- [Exercise]
A full, word-for-word copy of the listing below is needed; leave the images out of it.

- [Supplied information]
*** Block opens ***

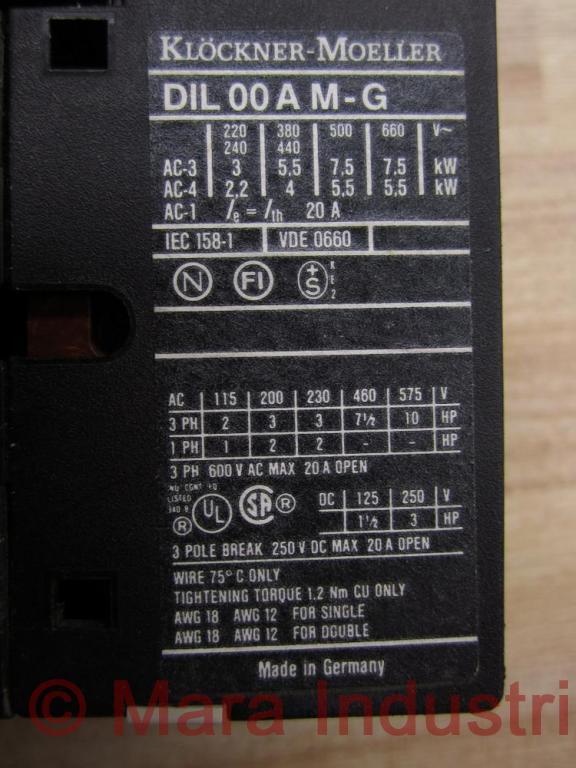 Klockner-Moeller DIL-00-A-M-G-24VDC Contactor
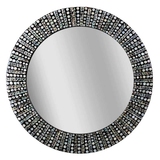 欧式镜卫浴镜美式装饰镜框卫生间圆形客厅玄关壁挂浴室镜子黑白贝
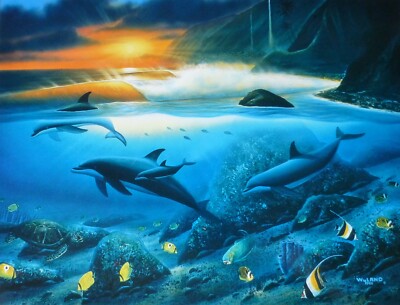 Dolphins Kissing　Robert Wyland　1996年製 s-l400.jpg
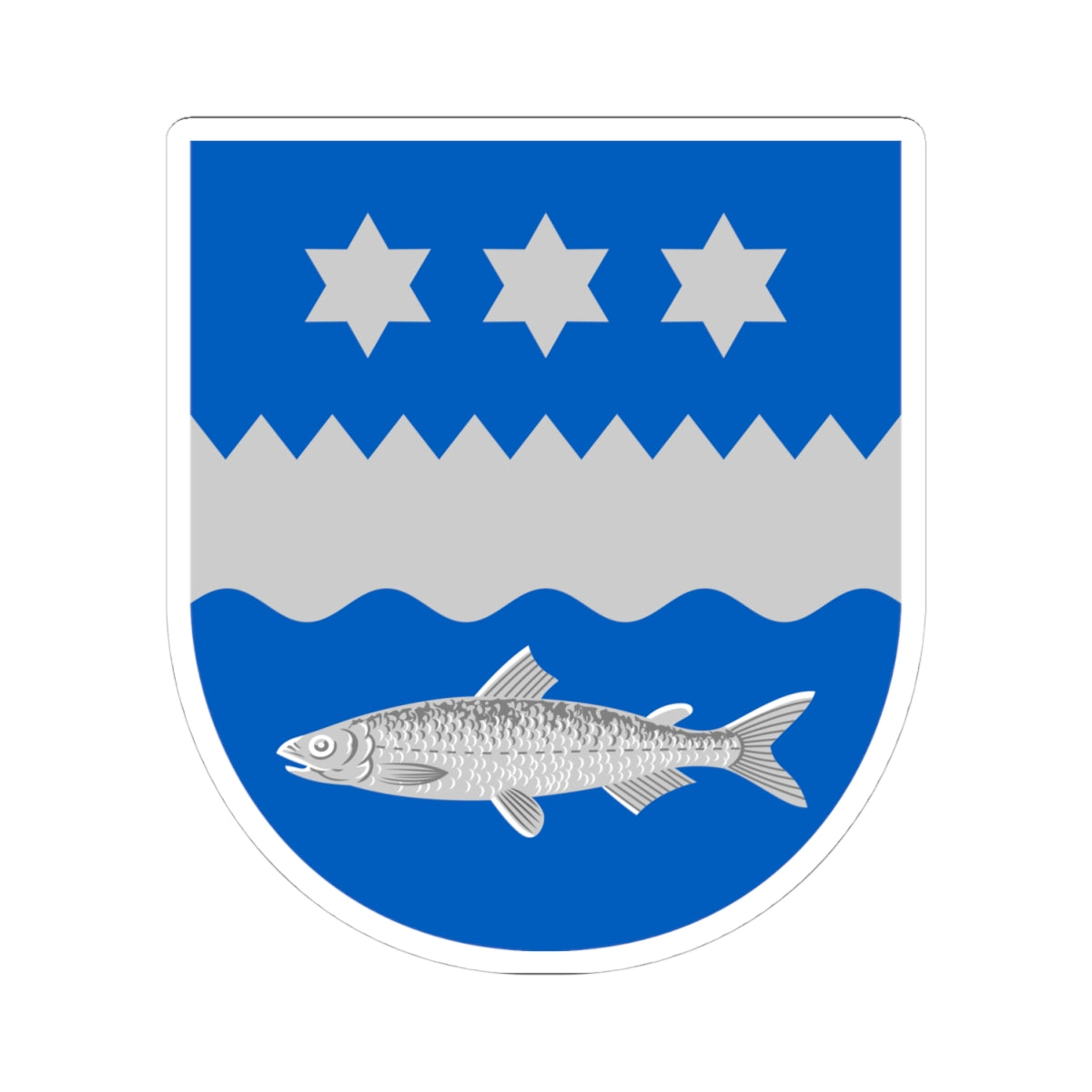 Siikajoki.vaakuna.2007 (Finland) (Coat of Arms) STICKER Vinyl Kiss-Cut Decal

*** Block closes ***

- [Response below]
 Klockner-Moeller DIL-00-A-M-G-24VDC Contactor
 欧式镜卫浴镜美式装饰镜框卫生间圆形客厅玄关壁挂浴室镜子黑白贝
 Dolphins Kissing　Robert Wyland　1996年製 s-l400.jpg
 Siikajoki.vaakuna.2007 (Finland) (Coat of Arms) STICKER Vinyl Kiss-Cut Decal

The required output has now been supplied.